══ Provided material

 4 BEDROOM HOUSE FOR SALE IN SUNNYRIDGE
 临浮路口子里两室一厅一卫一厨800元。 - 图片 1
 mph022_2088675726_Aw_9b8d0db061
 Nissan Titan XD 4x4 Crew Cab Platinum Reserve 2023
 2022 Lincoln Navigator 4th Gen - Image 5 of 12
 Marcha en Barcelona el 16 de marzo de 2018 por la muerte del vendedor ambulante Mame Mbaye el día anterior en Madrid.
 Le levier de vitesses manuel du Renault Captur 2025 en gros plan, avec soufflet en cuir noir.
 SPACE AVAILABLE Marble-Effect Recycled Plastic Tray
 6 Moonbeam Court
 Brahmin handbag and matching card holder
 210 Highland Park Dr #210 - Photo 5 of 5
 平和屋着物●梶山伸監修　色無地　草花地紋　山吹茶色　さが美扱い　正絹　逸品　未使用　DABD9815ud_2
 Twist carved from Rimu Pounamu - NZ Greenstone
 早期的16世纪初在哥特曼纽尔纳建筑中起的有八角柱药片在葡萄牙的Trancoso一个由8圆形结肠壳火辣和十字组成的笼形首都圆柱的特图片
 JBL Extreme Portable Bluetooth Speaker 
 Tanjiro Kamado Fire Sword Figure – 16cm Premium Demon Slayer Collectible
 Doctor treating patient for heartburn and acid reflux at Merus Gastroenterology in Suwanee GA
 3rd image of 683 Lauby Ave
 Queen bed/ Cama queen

════

Word for word, set down all the lines above.

 4 BEDROOM HOUSE FOR SALE IN SUNNYRIDGE
 临浮路口子里两室一厅一卫一厨800元。 - 图片 1
 mph022_2088675726_Aw_9b8d0db061
 Nissan Titan XD 4x4 Crew Cab Platinum Reserve 2023
 2022 Lincoln Navigator 4th Gen - Image 5 of 12
 Marcha en Barcelona el 16 de marzo de 2018 por la muerte del vendedor ambulante Mame Mbaye el día anterior en Madrid.
 Le levier de vitesses manuel du Renault Captur 2025 en gros plan, avec soufflet en cuir noir.
 SPACE AVAILABLE Marble-Effect Recycled Plastic Tray
 6 Moonbeam Court
 Brahmin handbag and matching card holder
 210 Highland Park Dr #210 - Photo 5 of 5
 平和屋着物●梶山伸監修　色無地　草花地紋　山吹茶色　さが美扱い　正絹　逸品　未使用　DABD9815ud_2
 Twist carved from Rimu Pounamu - NZ Greenstone
 早期的16世纪初在哥特曼纽尔纳建筑中起的有八角柱药片在葡萄牙的Trancoso一个由8圆形结肠壳火辣和十字组成的笼形首都圆柱的特图片
 JBL Extreme Portable Bluetooth Speaker 
 Tanjiro Kamado Fire Sword Figure – 16cm Premium Demon Slayer Collectible
 Doctor treating patient for heartburn and acid reflux at Merus Gastroenterology in Suwanee GA
 3rd image of 683 Lauby Ave
 Queen bed/ Cama queen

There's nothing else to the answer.